Oriental-Style Pork with Oyster Sauce and Mushrooms

As I’ve stated in other parts of this book, I didn’t eat pork until after I was married because my Jewish parents kept a kosher house. However, I still recall a whiff of bacon cooking in the kitchen and I loved that smell and flavor, still do! I think my mother followed certain rules, and passed on others, whatever worked best for her. I do the same.

Once married, I saw pork recipes in cookbooks and at restaurants. I dined at Chinese restaurants where I often ate barbeque pork, along with vegetables and liked the flavor. I grew to like Wonton soup, often with dumplings filled with pieces of pork. With friends too, we ate at Ethnic restaurants, where pork was a common ingredient. In particular, I loved chewing on pork spare ribs which had been well-coated in a sticky, flavorful sauce. Overtime I grew to relish the crunch of water chestnuts which enhanced many Chinese dishes.

For this dish, I used a portion of leftover pork. One evening my husband and I had ordered in Chinese food, and added barbequed pork as an extra appetizer. But during our meal we realized we ordered too much food! I saved the pork. Bells and whistles went off in my head about how to make use of the remaining meat.

I didn’t just want to simply heat up the meat and eat it plain. I thought I might add fresh Asian seasonings. Definitely I would include vegetables.

Finally I browsed through several cookbooks to see if anything enticed me. I saw one recipe which caught my eye, but it didn’t have vegetables, which was disappointing. However, I knew I could include whatever I wanted to, and so I did.

Unfolding this creative recipe was challenging and fun, as I took an intuitive stab at what I liked and what would produce the tastiest dish. Luckily I stock my pantry with many staple ingredients, like water chestnuts and bean sprouts But also in my refrigerator, among other ingredients, I keep black bean curd, oyster and fish sauce, and various seasoning sauces, each differing a little, so I’m prepared for the unusual.


8 oz. sliced mushrooms

1 onion, chopped

1 green pepper, coarsely chopped

3 garlic cloves, minced, divided

2 carrots, 1/4 inch sliced

2 stalks celery, 1/4 inch sliced – use green tops, if possible

1 can bean sprouts, drained (optional)

1 lb. cooked roasted pork, cut in1/2 inch pieces or use any leftover pork, cut up small

3/4 cup chicken broth

1/4 cup plus 1 Tablespoon oyster sauce

2 tsp fish sauce

few grinds of pepper

1 Tbsp cornstarch plus 1 tsp

2-3 Tbsp vegetable oil

1 Tbsp butter

3 cups cooked rice


1 In a medium size bowl stir the leftover meat with the soy sauce and 2 of the minced garlic cloves.

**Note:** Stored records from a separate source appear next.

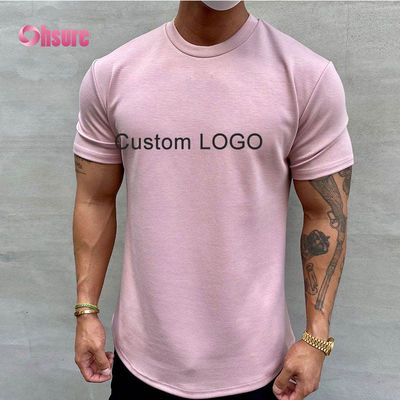 Aanpassen mannen sportkleding gym mode baggy sportkleding groothandel casual gedrukte gym t-shirts voor mannen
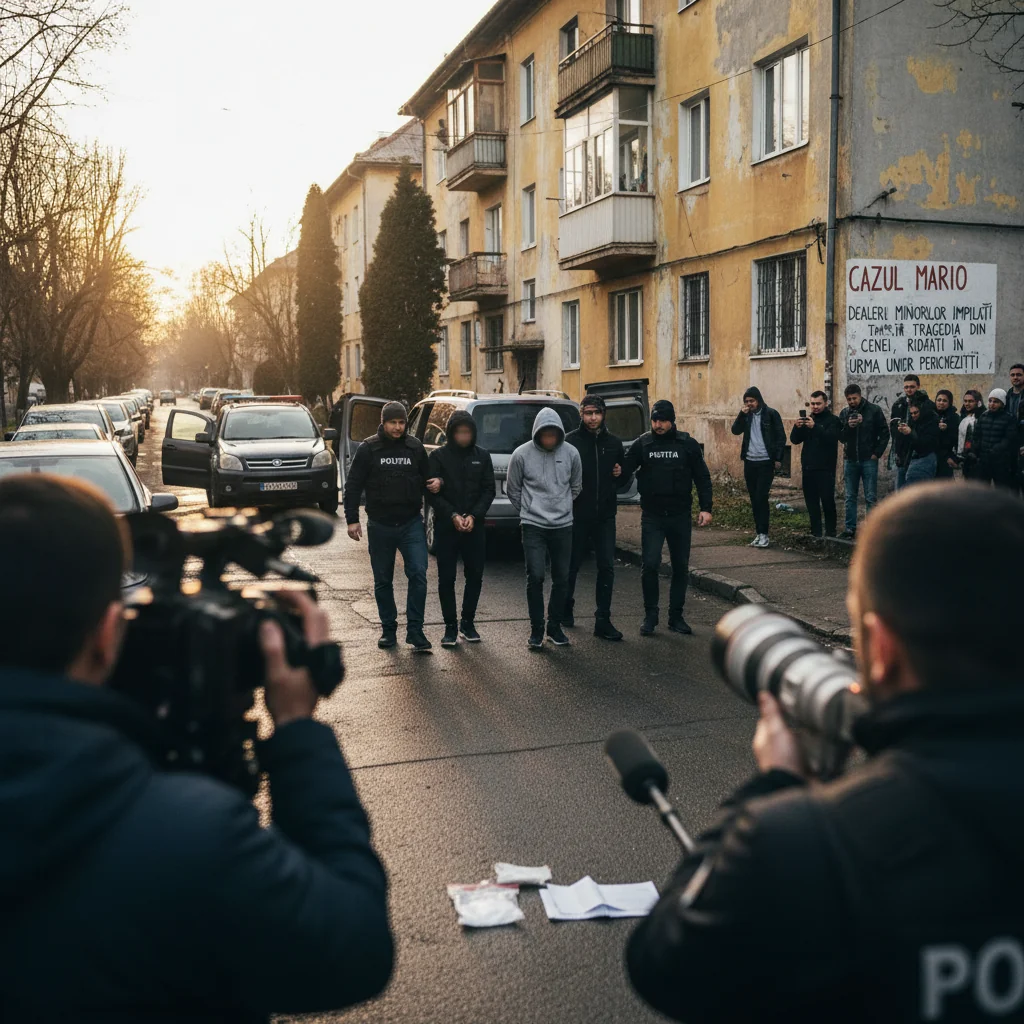 traficanți de droguri pentru minori săltați după descinderile poliției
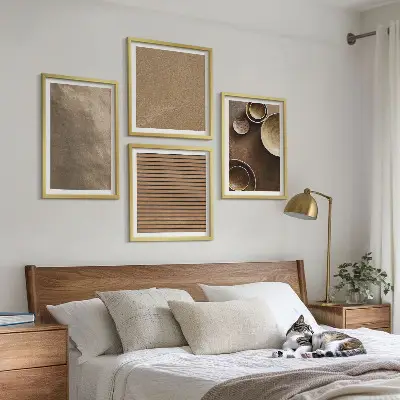 Modern stone structures wall art set of 4 pieces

Set it aside for 20-30 minutes; stir it once or twice. In a medium size bowl, add the chicken stock, and the oyster and fish sauce. Set aside.

2 In a large frying pan heat to medium high 2 tablespoons of oil. Add the carrots, onion, celery and green pepper. Add another tablespoon of oil if necessary. Reduce the heat to medium and, stirring occasionally, cook 7-12 minutes, as the vegetables cook and turn slightly golden. Reduce the heat to low and stir in the remaining garlic. Cook1-2 minutes. Add the butter. Add the mushrooms, stir a few times, cover and cook for 5-7 minutes as the mushrooms cook and release their moisture.

3 Stir in the pork and water chestnuts, and bean sprouts, if using. To the bowl with the chicken stock, stir in the cornstarch until smooth. Add it to the pork and vegetables. Add a few shakes of pepper, if desired. Cook everything on medium heat, stirring occasionally as the mixture gradually thickens, for about 5 minutes. If too thick add a bit more chicken stock. Adjust seasoning.

4 Serve over hot cooked rice, noodles or pasta. Pass around additional soy sauce.


  • Substitute pork with cooked and cut-up beef or chicken pieces.
  • Substitute vegetables at step 2 with other choices, watchful that they are similar sizes size.
  • Add half a teaspoon or more of crushed red pepper at step 3.